Task statement:
From the listing below, reproduce exactly the lines starting with the one with "Airpod cases 2020" and going on through the one with "新ChatGPT连接微信微信官方账号重磅升级入门教程，适用于中国云服务器[在线视频教学文本文件入门教程] - 严选资源大全", both ends kept. No picture is copied.

Data for the task:

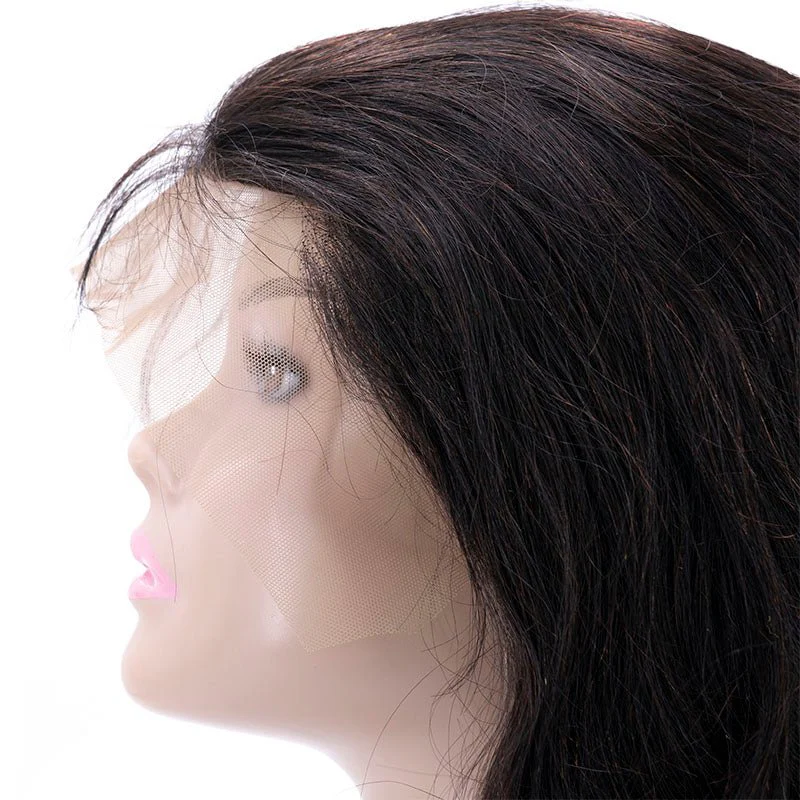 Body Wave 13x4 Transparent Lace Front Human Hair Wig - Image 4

---

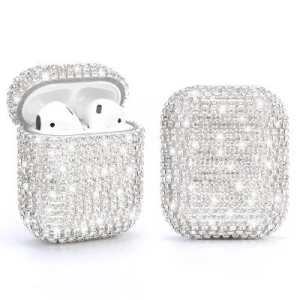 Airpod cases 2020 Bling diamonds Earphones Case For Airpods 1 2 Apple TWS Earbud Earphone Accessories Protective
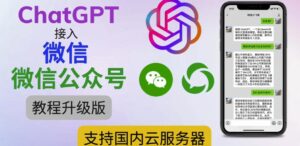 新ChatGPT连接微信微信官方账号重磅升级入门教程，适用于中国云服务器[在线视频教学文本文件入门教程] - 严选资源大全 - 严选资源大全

--

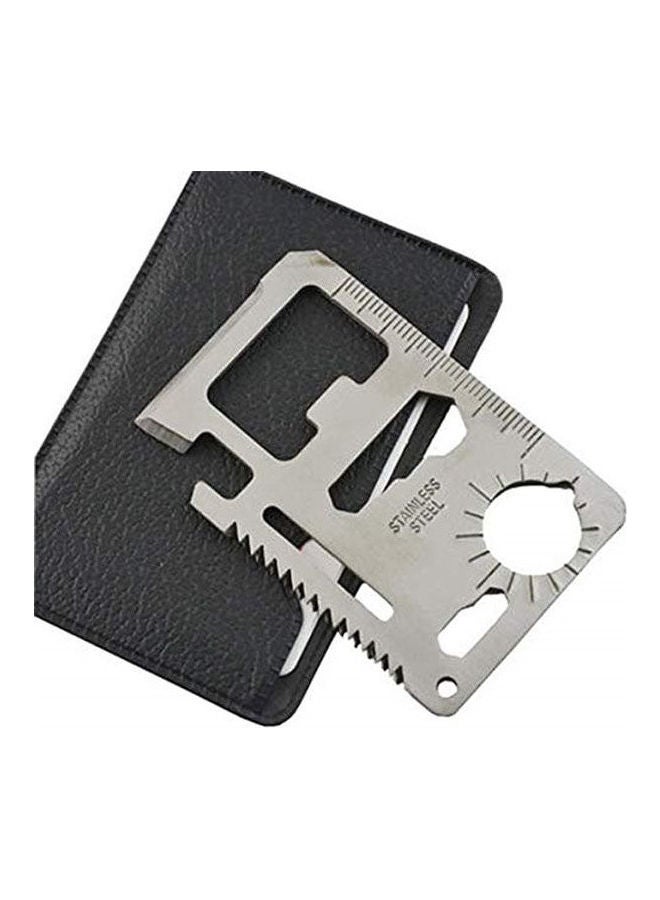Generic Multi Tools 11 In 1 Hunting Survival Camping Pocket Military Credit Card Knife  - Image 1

Answer area:
 Airpod cases 2020 Bling diamonds Earphones Case For Airpods 1 2 Apple TWS Earbud Earphone Accessories Protective
 新ChatGPT连接微信微信官方账号重磅升级入门教程，适用于中国云服务器[在线视频教学文本文件入门教程] - 严选资源大全 - 严选资源大全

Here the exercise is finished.